Paul Sérédat (Gérard Chaillou), un uomo politico navigato e integerrimo del centro-sinistra si sveglia. Come ogni mattina si fa la barba ascoltando la radio, e si rende conto che tutti parlano di un suo “scivolone” (questa la traduzione migliore del titolo dérapage) di cui lui non sa assolutamente nulla e che quasi sicuramente, a detta dell’opinione pubblica, gli costerà la rielezione all’Assemblea Nazionale.
Dopo qualche attimo di spaesamento dal sapore kafkiano, anche acuito dalla poca dimestichezza con i social media, insieme alla moglie (Catherine Davenier) scopre di cosa si tratta: usando un normale modo di dire e senza cattiveria ha involontariamente preso in giro il suo avversario alle elezioni regionali, affetto da strabismo.
Con una comicità graffiante e appena vagamente esagerata rispetto alla realtà, Laplace ci mostra come l’opinione pubblica non abbia intenzione di lasciar correre questo “scivolone” di Sérédat, come i diritti degli strabici siano improvvisamente un argomento d’interesse generale e come il nostro protagonista sia costretto a ricorrere a ripetuti messaggi di scuse, con la sua goffaggine che lo porterà a rovinare tutto ogni volta, precipitando la situazione sempre di più… finché le carte si ribaltano, un nuovo scivolone sopraggiunge e il pubblico dimentica tutta la storia dello strabismo.
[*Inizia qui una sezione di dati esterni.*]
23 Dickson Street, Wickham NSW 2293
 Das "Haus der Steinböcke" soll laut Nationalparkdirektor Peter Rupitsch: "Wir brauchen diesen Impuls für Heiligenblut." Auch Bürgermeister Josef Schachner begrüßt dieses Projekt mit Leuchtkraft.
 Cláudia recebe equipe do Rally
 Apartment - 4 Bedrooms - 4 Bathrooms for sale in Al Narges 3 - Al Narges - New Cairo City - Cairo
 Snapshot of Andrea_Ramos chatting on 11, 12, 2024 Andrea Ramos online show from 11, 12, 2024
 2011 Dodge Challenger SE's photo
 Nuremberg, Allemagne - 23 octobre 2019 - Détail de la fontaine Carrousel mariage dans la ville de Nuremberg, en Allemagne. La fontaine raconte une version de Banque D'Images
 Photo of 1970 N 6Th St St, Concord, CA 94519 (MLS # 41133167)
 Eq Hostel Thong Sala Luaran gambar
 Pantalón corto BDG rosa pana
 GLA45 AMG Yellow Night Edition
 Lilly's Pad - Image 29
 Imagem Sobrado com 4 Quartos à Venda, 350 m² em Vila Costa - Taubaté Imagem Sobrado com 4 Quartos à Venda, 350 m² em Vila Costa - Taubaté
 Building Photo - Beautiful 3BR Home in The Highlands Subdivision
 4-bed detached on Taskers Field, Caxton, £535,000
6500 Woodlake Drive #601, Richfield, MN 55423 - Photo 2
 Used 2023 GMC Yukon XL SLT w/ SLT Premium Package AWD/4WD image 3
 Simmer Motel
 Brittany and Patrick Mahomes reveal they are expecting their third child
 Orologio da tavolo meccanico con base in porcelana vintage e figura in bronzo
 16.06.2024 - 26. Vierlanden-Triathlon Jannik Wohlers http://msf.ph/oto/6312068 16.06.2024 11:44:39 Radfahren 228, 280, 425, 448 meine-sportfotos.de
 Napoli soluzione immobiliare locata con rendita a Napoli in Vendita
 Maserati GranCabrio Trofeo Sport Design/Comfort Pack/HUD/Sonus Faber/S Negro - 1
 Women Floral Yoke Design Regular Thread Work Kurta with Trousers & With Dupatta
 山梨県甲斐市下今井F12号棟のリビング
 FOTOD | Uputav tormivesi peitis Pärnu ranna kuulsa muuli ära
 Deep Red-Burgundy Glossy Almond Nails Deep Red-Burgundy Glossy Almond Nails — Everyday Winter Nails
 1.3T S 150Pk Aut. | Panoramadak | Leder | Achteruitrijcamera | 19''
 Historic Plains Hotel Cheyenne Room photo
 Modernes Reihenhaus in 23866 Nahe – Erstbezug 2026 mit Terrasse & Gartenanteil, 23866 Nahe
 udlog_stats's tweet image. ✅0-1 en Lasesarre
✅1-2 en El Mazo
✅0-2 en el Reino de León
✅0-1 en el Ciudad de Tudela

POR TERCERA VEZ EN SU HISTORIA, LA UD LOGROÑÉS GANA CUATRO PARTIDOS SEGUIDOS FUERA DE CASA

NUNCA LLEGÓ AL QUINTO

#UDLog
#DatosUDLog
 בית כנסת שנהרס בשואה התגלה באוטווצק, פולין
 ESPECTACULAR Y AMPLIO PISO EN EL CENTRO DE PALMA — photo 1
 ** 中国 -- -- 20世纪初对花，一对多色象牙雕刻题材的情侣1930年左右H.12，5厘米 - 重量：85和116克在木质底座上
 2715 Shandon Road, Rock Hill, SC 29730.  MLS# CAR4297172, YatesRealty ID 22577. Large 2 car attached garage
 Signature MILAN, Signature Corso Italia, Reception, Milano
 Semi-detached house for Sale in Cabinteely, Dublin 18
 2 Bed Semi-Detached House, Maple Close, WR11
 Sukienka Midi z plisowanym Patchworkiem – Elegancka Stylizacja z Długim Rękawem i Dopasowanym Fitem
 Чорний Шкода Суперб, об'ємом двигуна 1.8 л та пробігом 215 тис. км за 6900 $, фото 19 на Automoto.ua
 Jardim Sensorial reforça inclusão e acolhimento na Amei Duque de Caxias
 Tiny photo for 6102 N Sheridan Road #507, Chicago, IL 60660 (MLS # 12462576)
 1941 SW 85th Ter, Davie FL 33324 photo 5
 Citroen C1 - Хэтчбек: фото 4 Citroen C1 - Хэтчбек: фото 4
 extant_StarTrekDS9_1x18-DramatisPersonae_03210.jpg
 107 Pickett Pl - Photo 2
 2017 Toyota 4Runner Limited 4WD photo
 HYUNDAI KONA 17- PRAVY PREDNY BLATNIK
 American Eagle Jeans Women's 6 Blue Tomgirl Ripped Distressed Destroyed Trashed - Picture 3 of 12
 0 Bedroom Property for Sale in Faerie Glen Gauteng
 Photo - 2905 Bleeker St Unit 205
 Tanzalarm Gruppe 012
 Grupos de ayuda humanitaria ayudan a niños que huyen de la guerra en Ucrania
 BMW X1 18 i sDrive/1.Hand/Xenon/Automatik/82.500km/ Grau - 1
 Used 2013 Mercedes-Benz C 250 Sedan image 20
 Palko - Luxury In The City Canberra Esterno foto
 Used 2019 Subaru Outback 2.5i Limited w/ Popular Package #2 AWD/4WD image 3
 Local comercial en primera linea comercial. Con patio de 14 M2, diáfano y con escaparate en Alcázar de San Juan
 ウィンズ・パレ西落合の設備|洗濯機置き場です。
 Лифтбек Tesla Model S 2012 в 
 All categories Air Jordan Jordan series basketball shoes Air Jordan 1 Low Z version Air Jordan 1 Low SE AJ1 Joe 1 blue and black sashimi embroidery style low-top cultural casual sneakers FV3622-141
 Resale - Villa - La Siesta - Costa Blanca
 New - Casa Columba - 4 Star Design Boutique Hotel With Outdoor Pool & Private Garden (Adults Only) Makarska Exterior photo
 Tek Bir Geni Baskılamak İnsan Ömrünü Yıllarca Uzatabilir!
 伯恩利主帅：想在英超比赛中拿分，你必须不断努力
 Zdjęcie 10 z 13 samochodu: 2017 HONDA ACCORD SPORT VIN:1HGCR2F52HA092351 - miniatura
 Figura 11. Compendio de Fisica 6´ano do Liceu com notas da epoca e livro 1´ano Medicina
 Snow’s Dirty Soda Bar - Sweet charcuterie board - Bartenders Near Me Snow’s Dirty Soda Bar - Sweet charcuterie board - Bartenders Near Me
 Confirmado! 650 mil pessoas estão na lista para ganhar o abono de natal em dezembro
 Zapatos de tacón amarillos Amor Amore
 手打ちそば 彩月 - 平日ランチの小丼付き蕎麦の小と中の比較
Una storia del genere poteva facilmente cadere nello stanchissimo (e sbagliato) stereotipo del “non si può più dire niente”, ma nasconde un messaggio più profondo, articolato prendendo in giro in egual misura il candidato di sinistra come quello di destra, e facendo ironia più sul concetto della politica vecchia, che si scontra con un mondo nuovo in cui le parole sono tutto e i fatti nulla, in cui ogni errore è esaminato al microscopio e non esiste l’oblio, finché non arriva un nuovo bersaglio. Mondo nuovo esemplificato alla perfezione dal minaccioso terzo candidato che si prepara alla ribalta.
Laplace racconta la sua storia di satira con ottima regia, aiutata dalla performance degli attori che reggono alla perfezione il gioco, e da un montaggio serrato che evidenzia tutte le battute, la maggior parte delle quali riuscite. “Le dérapage” è uno sguardo impietoso sulla politica ai tempi dei social media.